-- SUPPLIED DATA --

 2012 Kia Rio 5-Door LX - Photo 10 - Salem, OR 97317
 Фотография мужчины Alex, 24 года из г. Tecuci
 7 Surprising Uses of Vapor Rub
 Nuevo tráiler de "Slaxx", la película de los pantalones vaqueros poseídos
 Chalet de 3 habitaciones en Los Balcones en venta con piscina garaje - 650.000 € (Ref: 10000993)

---

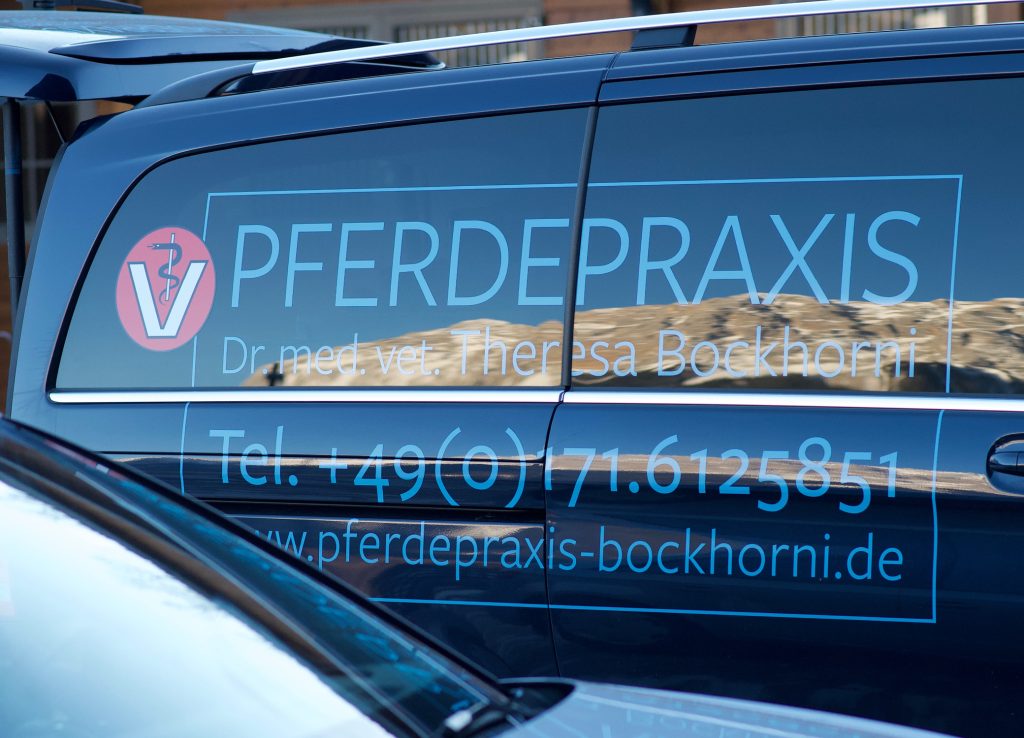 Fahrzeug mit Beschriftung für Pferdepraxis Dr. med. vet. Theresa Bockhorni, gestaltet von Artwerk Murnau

-- EXERCISE DETAILS --
Look above for the line holding "2012 Kia Rio". Print it and every line after it, exactly, through the line holding "Chalet de 3".

-- ANSWER TO THIS EXERCISE --
 2012 Kia Rio 5-Door LX - Photo 10 - Salem, OR 97317
 Фотография мужчины Alex, 24 года из г. Tecuci
 7 Surprising Uses of Vapor Rub
 Nuevo tráiler de "Slaxx", la película de los pantalones vaqueros poseídos
 Chalet de 3 habitaciones en Los Balcones en venta con piscina garaje - 650.000 € (Ref: 10000993)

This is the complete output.